Initial Antimicrobial Regimen
As to an initial antimicrobial regimen for febrile neutropenia, “there are regional differences, but, in general, initial monotherapy with antipseudomonal therapy is recommended,” said Dr. Hogan.
“Cefepime has been our standard because it offers excellent gram-negative coverage and quite good gram-positive coverage. Meropenem and imipenem are excellent drugs, and we tend to use piperacillin/tazobactam more on patients with risk factors for anaerobic infection.”
Consider double–gram-negative coverage for a complicated presentation (addition of a quinolone if not used for prophylaxis or an aminoglycoside), and expand gram-positive coverage (eg, with vancomycin) if there is a soft-tissue or central-line infection. If there is clinical evidence for anaerobic infection from neutropenic enterocolitis or perirectal infection, then anaerobic cover could be an important part of the regimen as well, he advised.
Modifications to Initial Therapy
If the patient is hemodynamically unstable, broadening the coverage to include resistant organisms and fungi might be necessary (especially if > 5 days of fever, prolonged neutropenia). But keep in mind that persistent fever may not require a change in therapy—consider other etiologies (eg, fungal, viral) and noninfectious causes (eg, malignancy, drugs, engraftment). Positive culture results may require expansion or modification based on the organism or resistance pattern.
“One question that comes up frequently is whether to remove the central catheter in a patient with infection,” said Dr. Hogan. The catheter can frequently be salvaged, but its removal should be considered if any of the following conditions is present:
- Catheter culture result becomes positive significantly before peripheral cultures.
- Persistently positive cultures do not clear.
- The patient has sepsis, tunnel infection, or endocarditis.
- Specific organisms known to be difficult to clear in the presence of a catheter (Pseudomonas aeruginosa, Staphalococcus aureus, rapidly growing mycobacteria, Candida spp) are present.
“Antibiotic resistance has become a reality for all of us,” said Dr. Hogan.
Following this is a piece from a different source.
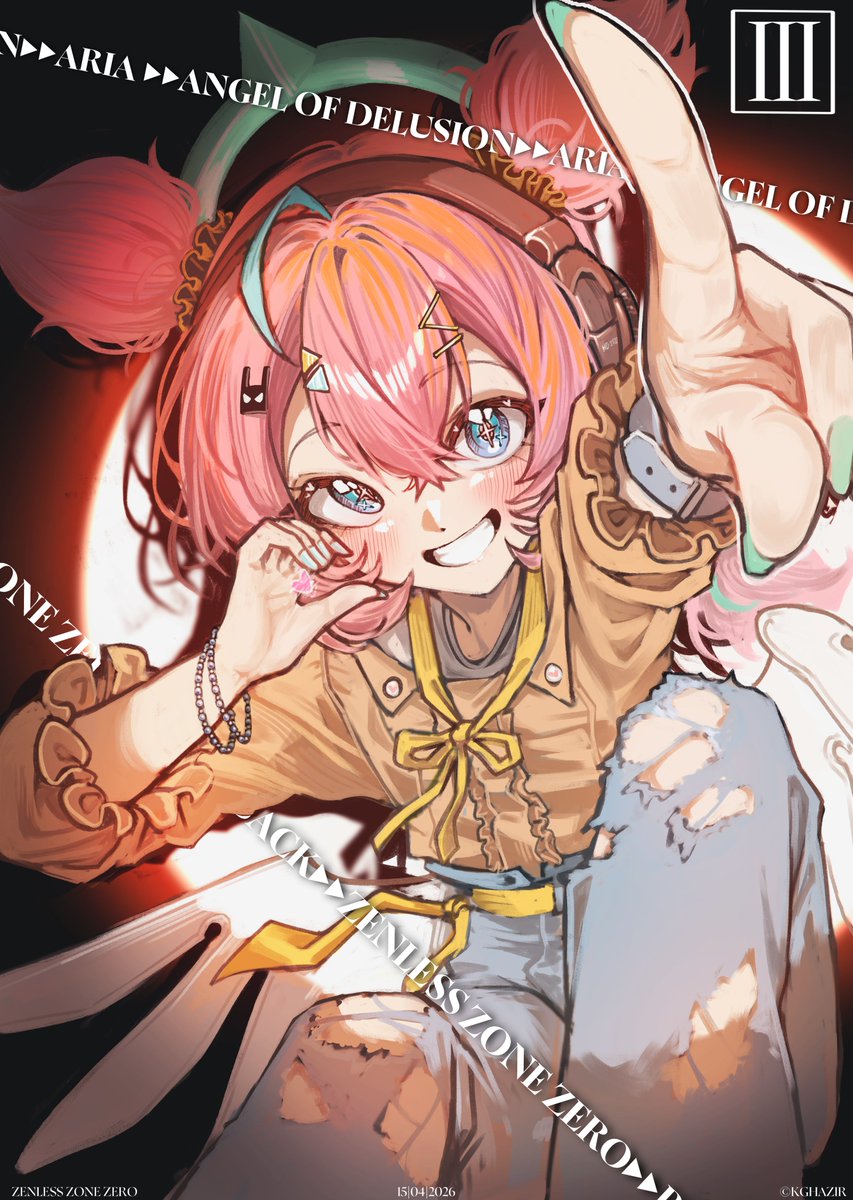 KGhazir's tweet photo. Aria - Fashion Magazine Cover 
#妄想絵ンジェル #zzzero #ArtofDelusion https://t.co/JwnyDxdsIR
The most common antibiotic-resistant bacteria are vancomycin-resistant enterococci, methicillin-resistant Staphylococcus aureus (MRSA), extended-spectrum beta-lactamase–producing bacteria (ESBL), and Klebsiella-producing carbapenemase.
“[Klebsiella-producing carbapenemase] is a challenging problem,” he added. “This is a very virulent, highly resistant organism. It may be responsive to tigecycline, but the options for treating it are very limited, so we need to try and prevent it from spreading.” ■
Disclosure: Dr. Hogan reported no potential conflicts of interest.
References
1. Hogan W: Febrile neutropenia: An update of management of high risk stem cell transplantation patients. 2015 MASCC/ISOO International Symposium on Supportive Care in Cancer. Parallel Session PS05. Presented June 26, 2015.
2. Multinational Association of Supportive Care in Cancer: Identifying patients at low risk for FN complications: Development and validation of the MASCC Risk Index Score. Available at www.mascc.org/mascc-fn-risk-index-score. Accessed September 2, 2015.